Caminamos en silencio hasta que entramos a una tienda. El y la esposa pidieron dos Coca Colas. Yo no pedí nada, un arrepentimiento errabundo y viscoso me daba vueltas en el estómago y juro que no me dejaba más que respirar. El negro del costal apareció allí y en ninguna otra parte, de esto estoy segura, estaba descalzo, sin camisa, con un costal lleno de cosas inservibles, terciado en el hombro; tenía el pelo afro erizado, las uñas largas llenas de mugre y los ojos enrojecidos. Se detuvo delante de nosotros y después gritó:
-Colaboráme con algo vé, dijo, dirigiéndose a mi hermano.
Este, impasible, lo miró horizontalmente y apresuró unos sorbos. El hombre del costal lo siguió mirando insistente, expectante, casi con odio; por eso fue que Martín le estiró botella de Coca Cola que conservaba un poco menos de la mitad del líquido; él la recibió y sorpresivamente la estalló contra el pavimento; solo tuve tiempo de cubrirle la cara a Jao Mateo y de cerrar los ojos, justo cuando la botella caía en picada.
-Comé mierda malparido, le dijo tipo enfurecido y siguió su camino.
Mi hijo se replegó contra mí, me abrazó una pierna y comenzó a llorar. Insisto, fue por eso que decidimos llevarlo a ver el mar, para calmarle el susto.

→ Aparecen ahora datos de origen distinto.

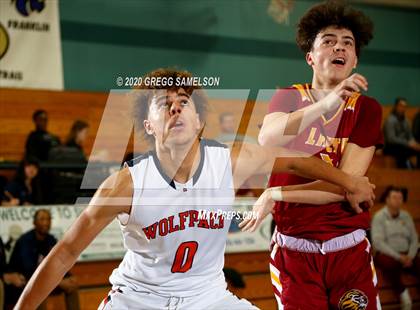 Thumbnail 3 in Cosumnes Oaks vs Liberty (Adidas Challenge) photogallery.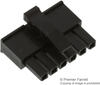 Plug & Socket Housing, Receptacle, Nylon; Product Range Amp Te Connectivity - 89C1330 - Newark, An Avnet Company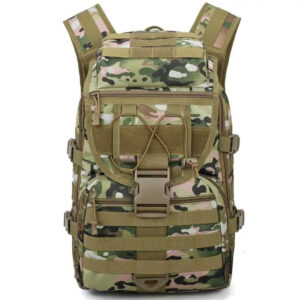 Mochila vintage para excedentes militares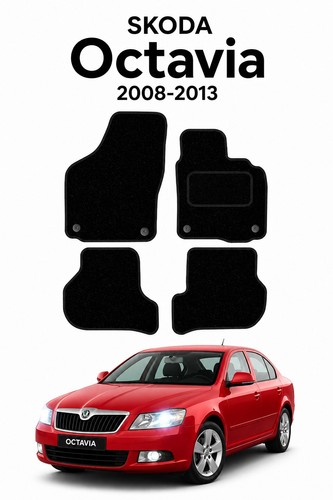 Skoda octavia mk2 2008 - skoda,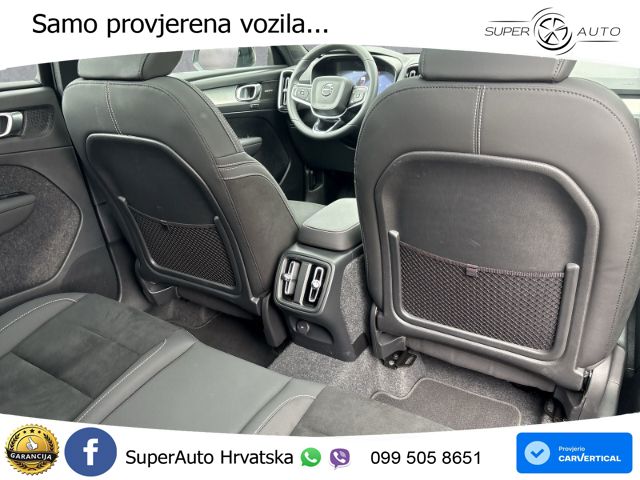 Volvo XC40 2.0 B4 AWD 197 KS Automatic LED+GR SJED+ACC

El recorrido fue intenso, él lloraba desconsolado mientras la música salía de todos los rincones en un volumen endiablado y parecía aumentar el calor. Para llegar al malecón tuvimos que caminar apretujados contra muchos cuerpos que se agitaban con prisa por en medio de una calle, llena de carros, carretas, bicicletas, motos y puestos de comida con grandes cazuelas donde hervían papas y salchichas.
En ese preciso instante, cuando alcanzamos la acera del malecón fue que vimos, perplejos, ese mar aceitoso que se contorsionaba, tratando inútilmente de engullir una estela de platos desechables que tendría unos cuarenta o tal vez cincuenta metros. Allí de frente, sentados sobre el muro del malecón, donde se quebraban las olas, una bandada de muchachos, reían y cantaban acompañados de sus palmas imperturbables a la trifulca agónica que libraba el mar, ligeramente iluminada por la luna insípida de aquél enero.

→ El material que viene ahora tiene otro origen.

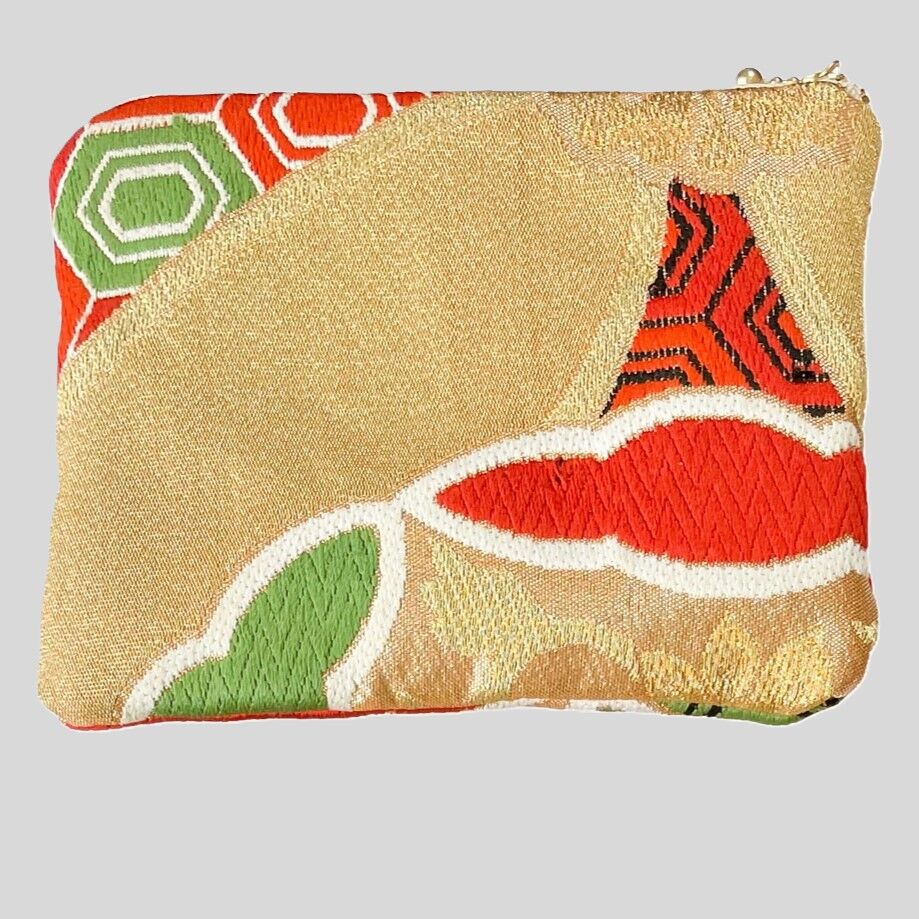 PHOENIX & PAULOWNIA MINI PAUCH - UN - Image 2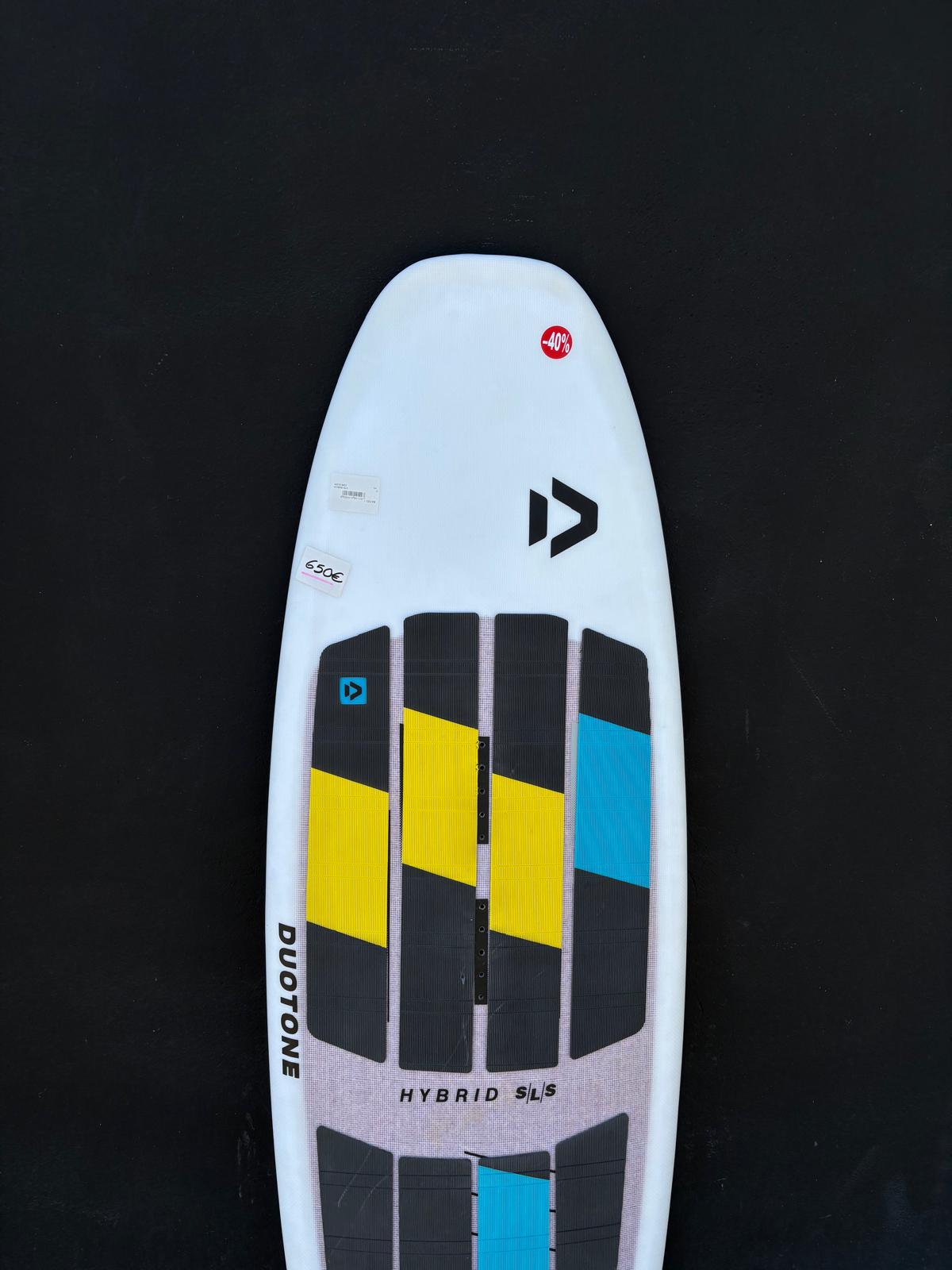 Duotone Hybrid SLS 5'4'' 2021 occasion
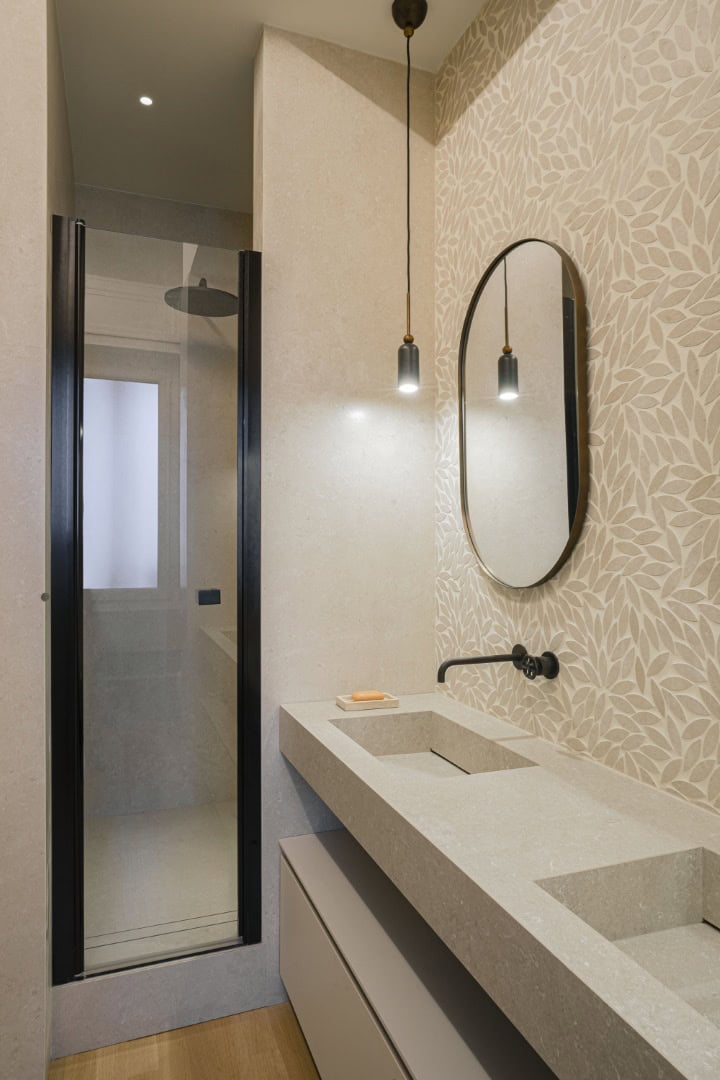 An Exclusive Apartment in Milan by Anice Architettura: Vintage Elegance Meets Modern Living An Exclusive Apartment in Milan by Anice Architettura: Vintage Elegance Meets Modern Living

Cuando estuve en el pequeño cuarto de ese hotel barato, pero con aire acondicionado, miré por la ventana y vi de nuevo ese mar aceitoso y allí, agonizando, un inmenso barco oxidado, vencido por el salitre y por la pena. Entonces pude confirmar lo que todos dicen de ese puerto: ¡que es un infierno!

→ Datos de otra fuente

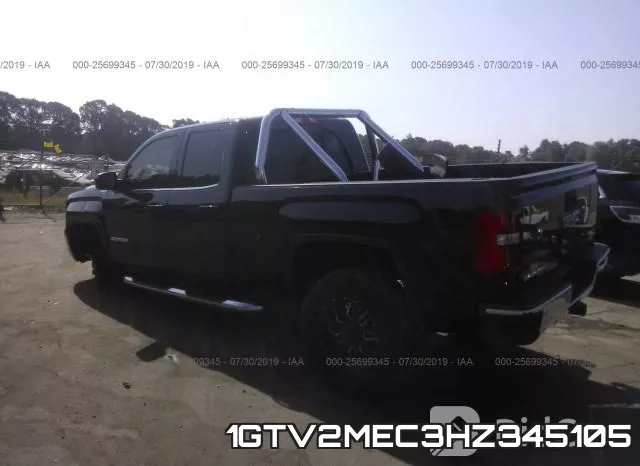 1GTV2MEC3HZ345105 фото 4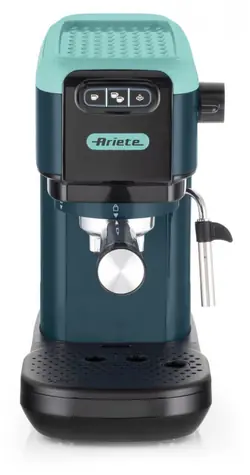 Ariete Espresso zielony / Ekspres do kawy dźwigniowy / 1300 W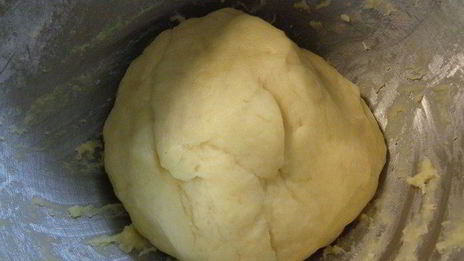 вареники из заварного теста с вишней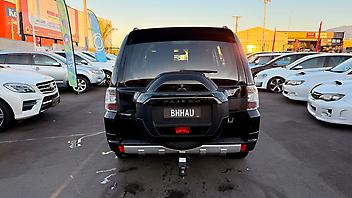 2017 Mitsubishi Pajero PAJERO SUBMODEL EXCEED 3.2D/4WD/5AT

Este es mi recuerdo, querido primo, no insistas en hacerme creer que todo aquél día fue una fiesta y que allí todo es una rumba interminable. Allí no quiero volver jamás, ya tengo bastante con lo que conservo para siempre de ese puerto inmundo. Ahora, debe ser peor: dicen en los medios que han llegado de nuevo los buscadores de oro y que los están matando a todos.